Hoy, en pleno siglo XXI, nos enfrentamos a una tecnología aún más extraña. No es piedra tallada. No es papiro. No es pentagrama ni micrófono. Es inteligencia que no lo es del todo. Es reflejo amplificado, cálculo con máscaras de estilo. La inteligencia artificial no piensa, pero responde. No sueña, pero nos devuelve versiones más nítidas —o más oscuras— de nuestros propios impulsos.
No estamos preparados para ella, como no lo estuvimos para la escritura, ni para los libros, ni para los sintetizadores. Pero la pregunta sigue siendo la misma: ¿qué haremos con ese reflejo? ¿Lo usaremos para no pensar, o para pensar mejor?
Yo he escrito este texto como quien afina con alguien más. Como quien toca sin saber si hay público, pero toca igual. Y no siempre supe de dónde venían algunas frases. Ni algunas pausas. Ni siquiera algunas decisiones.
Hay momentos en que el pensamiento se vuelve compañía. No importa si es humana, mecánica, soñada. Lo que importa es que no escribe sola. Porque si algo nos enseñó Pompeya, es que incluso en el silencio más antiguo, alguien sigue tocando.
Y si hay eco, es porque algo —o alguien— respondió.

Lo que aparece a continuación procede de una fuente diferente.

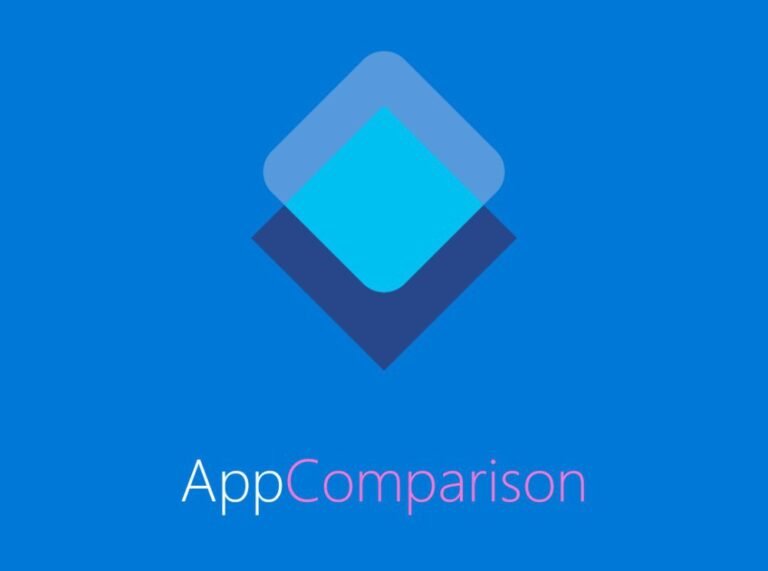 AppComparison ou comment faire migrer les utilisateurs Android vers Windows 10 Mobile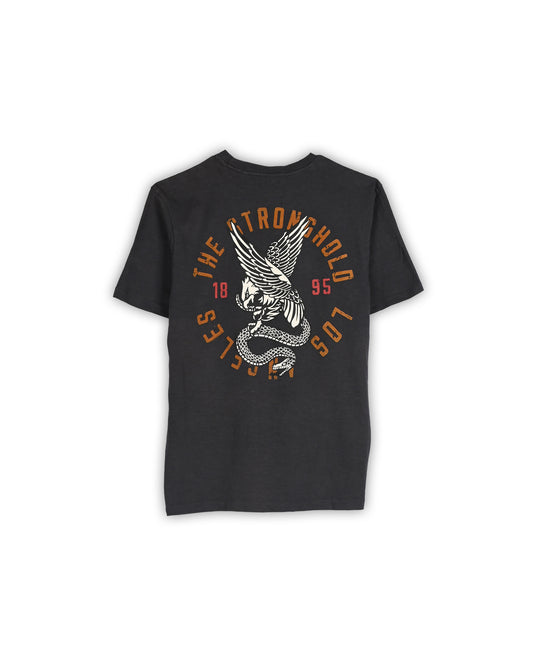 THE STRONGHOLD T-SHIRT - XL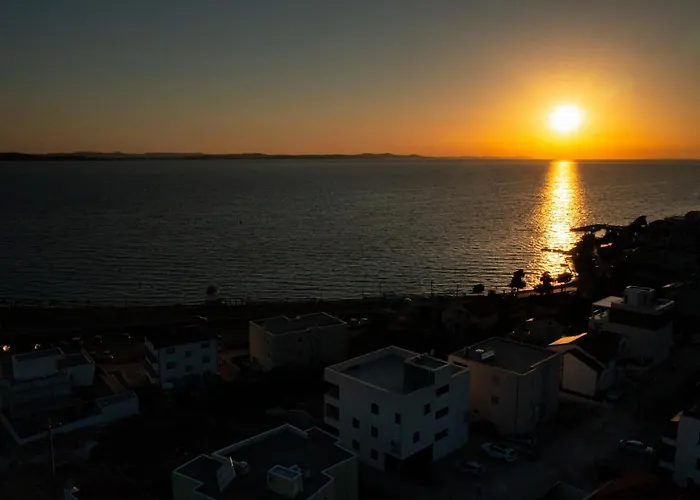 Sea Whisper Apartman Zára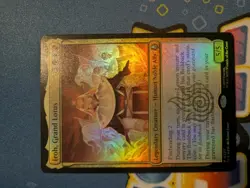 Iroh, Grand Lotus 227 Avatar: The Last Airbender Magic: The Gathering Foil NM - Image 1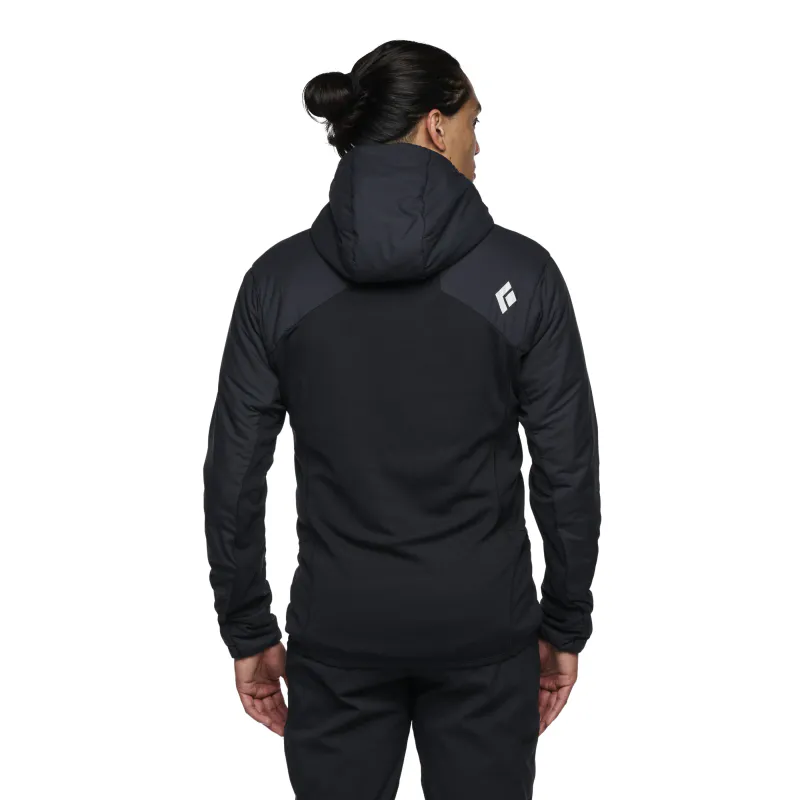 Black Diamond First Light 1.0 Stretch Hoody M's black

Jesús Rogelio Pérez Buendía
Nota del autor:
Este texto fue concebido, estructurado y escrito por mí. En algunas etapas del proceso conté con el apoyo de herramientas tecnológicas que me acompañaron como asistentes editoriales y críticos. No para sustituir el pensamiento, sino para pulirlo. Las ideas, el argumento y la voz que lo sostienen son personales. Si hay claridad, es porque hubo trabajo.